The Great Escape

I have a confession to make. I am bypassing Christmas this year. I just haven’t got the time and in our house, if I don’t do it, it doesn’t happen. That’s not to say that it couldn’t happen. The men are more than capable of making a Christmas dinner (but not as we know it: it would be a one pot meal which would strangely involve every utensil and container in the house). They could brave our sleeping swarm of cluster flies in the attic, find the decorations and even put them up. Wrap presents, listen to carols, panic buy cranberries. However, they won’t and that’s fine: I have spent the last thirty odd years conditioning them into believing that I’m the only one capable of the mystery of Christmas. I am at heart the suffering woman from the ads on telly…

Back in the day I’ve boned out and stuffed geese with freshly chopped fruit stuffing, given thoughtfully hand tailored gifts in home printed wrapping paper, arranged bespoke table decorations and generally done everything that Kirstie Allsopp claims she does, but I suspect is actually done by a crack team of craftspeople.

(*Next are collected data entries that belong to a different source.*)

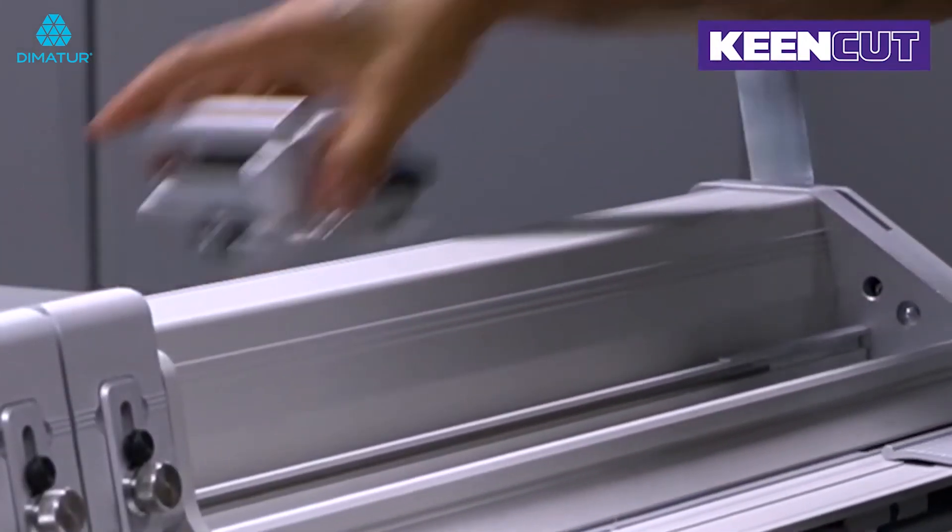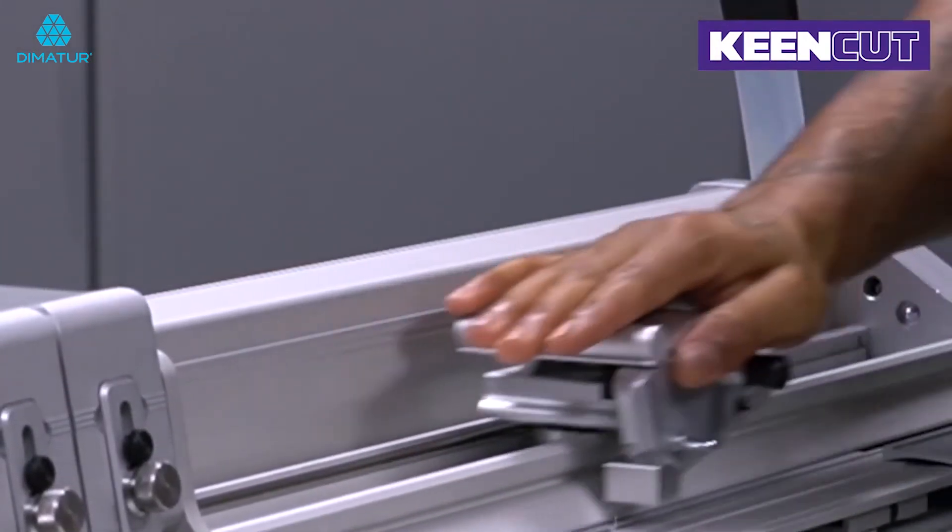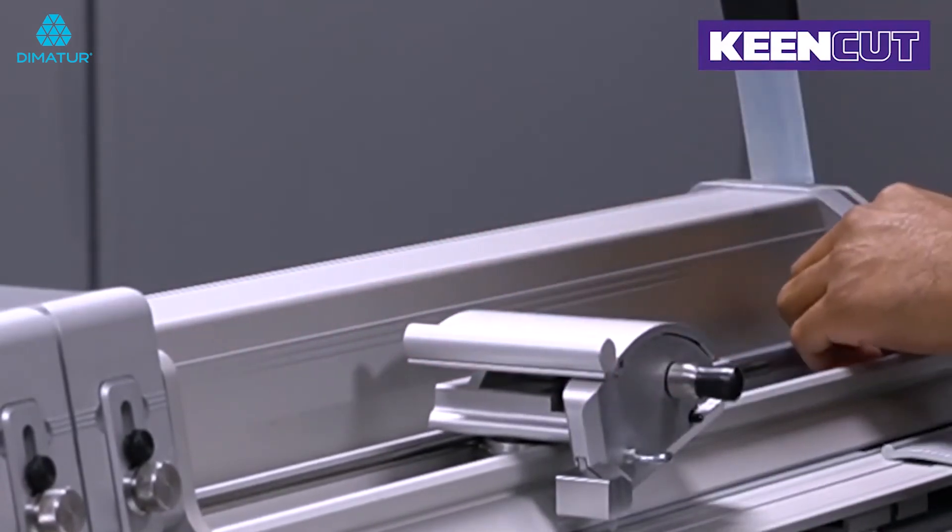More than one quick swap tool head can be placed on the cutter bar at any one time, ready for immediate use.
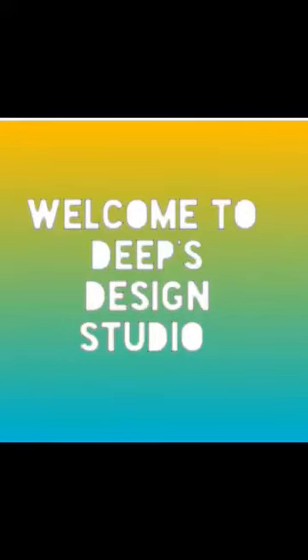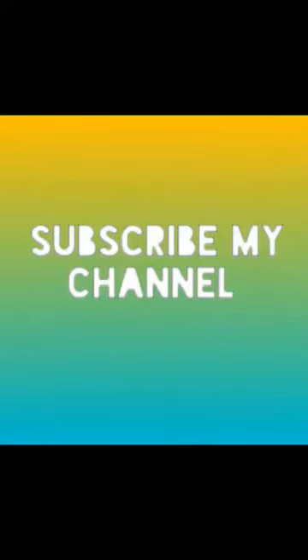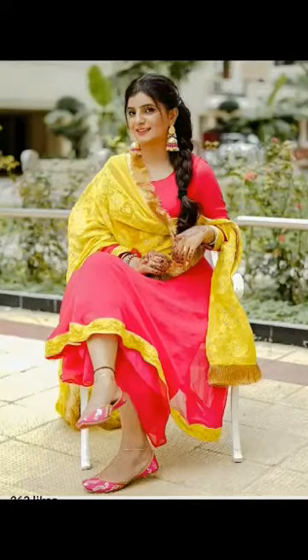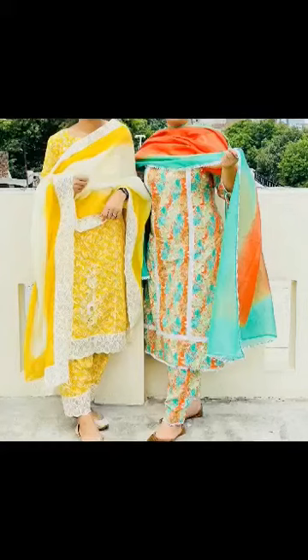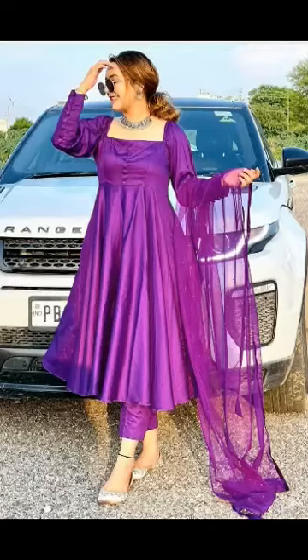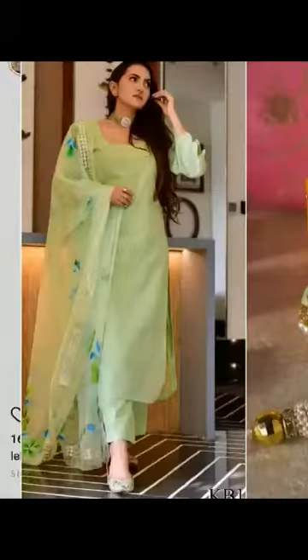Hi everyone, welcome back to the IPS Design Studio. I'm going to take a look at Punjabi suits design ideas — I hope you will enjoy all my ideas. If you can see plain suits, you can also have laces, embroidery, or printed suits, and you will be able to add different ideas.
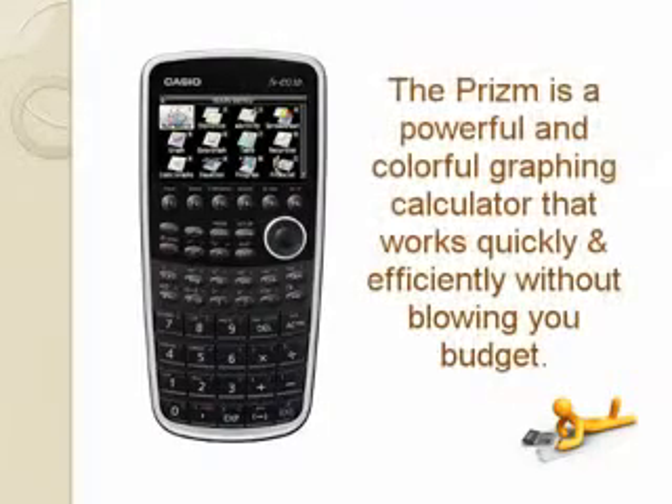The Prism is a powerful and colorful graphing calculator that works quickly and efficiently without blowing your budget.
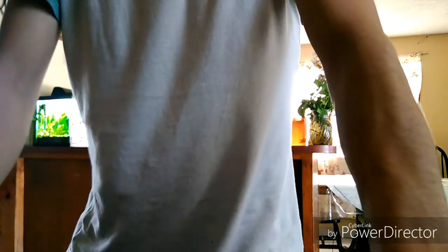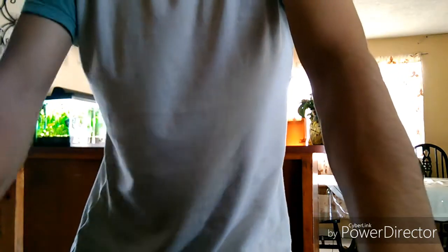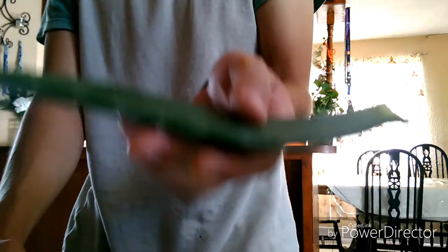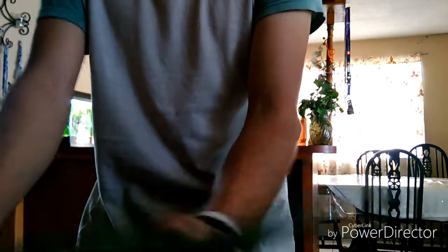Muy buenos chicos, estamos aquí de nuevo en un video de este su canal, Acuariofilia BC 2.0. El video de hoy va a tratar sobre cómo podemos preparar o sacar la sábila para dársela a nuestras betas o en este caso a nuestros peces, por ejemplo cuando tienen lo que es podredumbre de aletas.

Enough, been there, done that: this year I’ll be in the studio working on my prints.

I have discussed this with the family who tell me that a) they love all that Christmas stuff but b) only when I do it and c) not to worry because my mother-in-law is saving the day and is feeding us all in spite of already having visitors from America. She’s ace in a crisis, even if it is one generated by her daughter-in-law’s need to focus entirely on cutting woodblocks for the next month.

It’s all actually been very liberating even if it’s only me that I have liberated myself from in reality. That’s not to say that next Christmas I won’t be back to gilding fondant stuffed sprouts with edible nativity scenes. Depends on the work load…

7 thoughts on “The Great Escape”

  1. …we do make it hard for ourselves don’t we, us girls – interesting experiment made somewhat easier by your great MIL – just focus and let us see the great work in 2013 – x

  2. Christmas can be a hell on earth or it can be a friendly and happy occasion. I’m glad you think I can cope in a crisis but I will be honest with you. I ALWAYS panic when it comes to Yorkshire Pudding. I don’t enjoy the weeks before Christmas when everything is a frenzy of buying but I do enjoy the day itself whether I have family around or not.

    I admire you for realising that cutting wood is paramount but please don’t forget the pudding!

  3. I also salute you Laura. I think it is liberating to say you have other priorities, especially creative ones. Enjoy the buzz of doing your own thing. Looking forward to seeing those prints in 2013.

  4. I so wish I could defend myself, but it’s all true. However I will be up in the attic gathering a few choice decorations at some point before Christmas and I will be cooking whenever necessary so that Laura can carry on working for a bit longer. What’s more, when I make a one pot meal and have used every pot and utensil in the kitchen I will also, probably clear up after myself because Laura will be shattered.
    Christmas won’t be the same this year, but the excitements won’t be over whether the dinner will be cooked* they’ll be over the fantastic work that Laura is producing at the moment.
    (*except maybe from my mum who, as Laura has said, has restored Christmas dinner to our calendar!)